WHAT THE TASK REQUIRES
Please output the whole listing below exactly as it is.
○ ○ ○ ○
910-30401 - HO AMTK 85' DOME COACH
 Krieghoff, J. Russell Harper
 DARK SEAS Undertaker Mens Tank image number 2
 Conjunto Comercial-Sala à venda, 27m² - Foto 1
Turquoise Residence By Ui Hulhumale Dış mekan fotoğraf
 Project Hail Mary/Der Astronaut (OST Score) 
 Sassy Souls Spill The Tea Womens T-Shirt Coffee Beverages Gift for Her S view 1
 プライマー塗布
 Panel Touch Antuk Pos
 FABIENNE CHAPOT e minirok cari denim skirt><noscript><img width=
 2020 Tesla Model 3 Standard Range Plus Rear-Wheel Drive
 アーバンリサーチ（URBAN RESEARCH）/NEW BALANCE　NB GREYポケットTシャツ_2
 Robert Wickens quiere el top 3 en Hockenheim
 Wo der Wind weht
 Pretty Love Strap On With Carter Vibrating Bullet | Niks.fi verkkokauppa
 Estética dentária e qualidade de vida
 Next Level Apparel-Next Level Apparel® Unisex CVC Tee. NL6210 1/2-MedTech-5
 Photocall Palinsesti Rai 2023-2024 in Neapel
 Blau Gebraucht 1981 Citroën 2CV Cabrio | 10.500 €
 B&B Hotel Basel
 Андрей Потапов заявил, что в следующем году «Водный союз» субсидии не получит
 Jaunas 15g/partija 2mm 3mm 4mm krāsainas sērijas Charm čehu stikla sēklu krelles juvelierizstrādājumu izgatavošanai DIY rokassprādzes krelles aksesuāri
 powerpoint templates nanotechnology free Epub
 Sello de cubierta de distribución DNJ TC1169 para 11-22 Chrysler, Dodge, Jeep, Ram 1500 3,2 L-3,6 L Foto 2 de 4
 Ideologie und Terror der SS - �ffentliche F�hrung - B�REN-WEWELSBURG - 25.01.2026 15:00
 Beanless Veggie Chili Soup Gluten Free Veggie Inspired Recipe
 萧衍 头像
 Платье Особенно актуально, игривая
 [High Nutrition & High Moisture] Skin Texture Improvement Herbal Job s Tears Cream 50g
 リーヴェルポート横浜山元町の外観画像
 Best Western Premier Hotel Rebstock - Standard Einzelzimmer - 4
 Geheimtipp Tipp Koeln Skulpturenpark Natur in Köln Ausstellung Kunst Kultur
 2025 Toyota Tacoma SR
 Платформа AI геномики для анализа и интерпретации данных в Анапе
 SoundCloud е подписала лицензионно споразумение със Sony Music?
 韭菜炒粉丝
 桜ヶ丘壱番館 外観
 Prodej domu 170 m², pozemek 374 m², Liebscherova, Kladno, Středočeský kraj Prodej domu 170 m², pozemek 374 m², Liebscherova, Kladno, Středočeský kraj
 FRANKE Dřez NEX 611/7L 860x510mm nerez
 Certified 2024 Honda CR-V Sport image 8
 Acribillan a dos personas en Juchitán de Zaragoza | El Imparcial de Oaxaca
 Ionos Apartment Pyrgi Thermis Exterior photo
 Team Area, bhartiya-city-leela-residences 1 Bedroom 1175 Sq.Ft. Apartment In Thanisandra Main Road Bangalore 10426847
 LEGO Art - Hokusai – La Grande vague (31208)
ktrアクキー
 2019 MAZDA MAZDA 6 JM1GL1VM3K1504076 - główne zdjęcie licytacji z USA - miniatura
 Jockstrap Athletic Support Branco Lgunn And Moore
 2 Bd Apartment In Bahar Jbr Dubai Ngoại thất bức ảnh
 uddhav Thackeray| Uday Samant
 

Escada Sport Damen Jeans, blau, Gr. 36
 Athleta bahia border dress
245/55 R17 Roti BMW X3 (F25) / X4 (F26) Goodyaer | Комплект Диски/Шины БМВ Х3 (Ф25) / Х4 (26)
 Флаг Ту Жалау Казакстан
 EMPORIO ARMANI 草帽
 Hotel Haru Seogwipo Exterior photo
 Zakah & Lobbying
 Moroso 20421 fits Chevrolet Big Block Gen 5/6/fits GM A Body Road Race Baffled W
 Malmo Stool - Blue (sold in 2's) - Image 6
○ ○ ○ ○
SOLUTION TO THIS PROBLEM
910-30401 - HO AMTK 85' DOME COACH
 Krieghoff, J. Russell Harper
 DARK SEAS Undertaker Mens Tank image number 2
 Conjunto Comercial-Sala à venda, 27m² - Foto 1
Turquoise Residence By Ui Hulhumale Dış mekan fotoğraf
 Project Hail Mary/Der Astronaut (OST Score) 
 Sassy Souls Spill The Tea Womens T-Shirt Coffee Beverages Gift for Her S view 1
 プライマー塗布
 Panel Touch Antuk Pos
 FABIENNE CHAPOT e minirok cari denim skirt><noscript><img width=
 2020 Tesla Model 3 Standard Range Plus Rear-Wheel Drive
 アーバンリサーチ（URBAN RESEARCH）/NEW BALANCE　NB GREYポケットTシャツ_2
 Robert Wickens quiere el top 3 en Hockenheim
 Wo der Wind weht
 Pretty Love Strap On With Carter Vibrating Bullet | Niks.fi verkkokauppa
 Estética dentária e qualidade de vida
 Next Level Apparel-Next Level Apparel® Unisex CVC Tee. NL6210 1/2-MedTech-5
 Photocall Palinsesti Rai 2023-2024 in Neapel
 Blau Gebraucht 1981 Citroën 2CV Cabrio | 10.500 €
 B&B Hotel Basel
 Андрей Потапов заявил, что в следующем году «Водный союз» субсидии не получит
 Jaunas 15g/partija 2mm 3mm 4mm krāsainas sērijas Charm čehu stikla sēklu krelles juvelierizstrādājumu izgatavošanai DIY rokassprādzes krelles aksesuāri
 powerpoint templates nanotechnology free Epub
 Sello de cubierta de distribución DNJ TC1169 para 11-22 Chrysler, Dodge, Jeep, Ram 1500 3,2 L-3,6 L Foto 2 de 4
 Ideologie und Terror der SS - �ffentliche F�hrung - B�REN-WEWELSBURG - 25.01.2026 15:00
 Beanless Veggie Chili Soup Gluten Free Veggie Inspired Recipe
 萧衍 头像
 Платье Особенно актуально, игривая
 [High Nutrition & High Moisture] Skin Texture Improvement Herbal Job s Tears Cream 50g
 リーヴェルポート横浜山元町の外観画像
 Best Western Premier Hotel Rebstock - Standard Einzelzimmer - 4
 Geheimtipp Tipp Koeln Skulpturenpark Natur in Köln Ausstellung Kunst Kultur
 2025 Toyota Tacoma SR
 Платформа AI геномики для анализа и интерпретации данных в Анапе
 SoundCloud е подписала лицензионно споразумение със Sony Music?
 韭菜炒粉丝
 桜ヶ丘壱番館 外観
 Prodej domu 170 m², pozemek 374 m², Liebscherova, Kladno, Středočeský kraj Prodej domu 170 m², pozemek 374 m², Liebscherova, Kladno, Středočeský kraj
 FRANKE Dřez NEX 611/7L 860x510mm nerez
 Certified 2024 Honda CR-V Sport image 8
 Acribillan a dos personas en Juchitán de Zaragoza | El Imparcial de Oaxaca
 Ionos Apartment Pyrgi Thermis Exterior photo
 Team Area, bhartiya-city-leela-residences 1 Bedroom 1175 Sq.Ft. Apartment In Thanisandra Main Road Bangalore 10426847
 LEGO Art - Hokusai – La Grande vague (31208)
ktrアクキー
 2019 MAZDA MAZDA 6 JM1GL1VM3K1504076 - główne zdjęcie licytacji z USA - miniatura
 Jockstrap Athletic Support Branco Lgunn And Moore
 2 Bd Apartment In Bahar Jbr Dubai Ngoại thất bức ảnh
 uddhav Thackeray| Uday Samant
 

Escada Sport Damen Jeans, blau, Gr. 36
 Athleta bahia border dress
245/55 R17 Roti BMW X3 (F25) / X4 (F26) Goodyaer | Комплект Диски/Шины БМВ Х3 (Ф25) / Х4 (26)
 Флаг Ту Жалау Казакстан
 EMPORIO ARMANI 草帽
 Hotel Haru Seogwipo Exterior photo
 Zakah & Lobbying
 Moroso 20421 fits Chevrolet Big Block Gen 5/6/fits GM A Body Road Race Baffled W
 Malmo Stool - Blue (sold in 2's) - Image 6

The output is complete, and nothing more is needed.